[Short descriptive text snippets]
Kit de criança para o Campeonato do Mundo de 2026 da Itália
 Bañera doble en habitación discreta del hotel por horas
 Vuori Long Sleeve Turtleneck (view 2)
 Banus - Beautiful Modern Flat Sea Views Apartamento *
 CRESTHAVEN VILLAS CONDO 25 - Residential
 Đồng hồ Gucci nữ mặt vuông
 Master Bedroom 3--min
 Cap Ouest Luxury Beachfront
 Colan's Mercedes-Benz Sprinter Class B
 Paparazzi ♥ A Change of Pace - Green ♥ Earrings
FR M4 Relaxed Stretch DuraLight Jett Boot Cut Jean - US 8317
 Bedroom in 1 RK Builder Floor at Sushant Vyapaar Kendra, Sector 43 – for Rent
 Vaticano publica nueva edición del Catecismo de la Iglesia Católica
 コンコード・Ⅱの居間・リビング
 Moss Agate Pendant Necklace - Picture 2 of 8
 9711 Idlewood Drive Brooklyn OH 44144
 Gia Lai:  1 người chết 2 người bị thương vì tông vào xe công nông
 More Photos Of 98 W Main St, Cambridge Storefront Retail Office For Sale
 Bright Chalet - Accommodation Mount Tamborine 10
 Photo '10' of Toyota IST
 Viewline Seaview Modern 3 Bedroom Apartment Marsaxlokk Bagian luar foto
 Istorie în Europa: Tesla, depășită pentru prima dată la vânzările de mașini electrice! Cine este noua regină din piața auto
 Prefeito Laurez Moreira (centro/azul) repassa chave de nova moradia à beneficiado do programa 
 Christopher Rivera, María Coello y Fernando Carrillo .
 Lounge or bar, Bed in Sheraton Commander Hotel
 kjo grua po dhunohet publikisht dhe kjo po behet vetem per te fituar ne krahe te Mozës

Exercise goal — For the string "Modern", return every line of the data where it appears.

Response to the exercise —
 Banus - Beautiful Modern Flat Sea Views Apartamento *
 Viewline Seaview Modern 3 Bedroom Apartment Marsaxlokk Bagian luar foto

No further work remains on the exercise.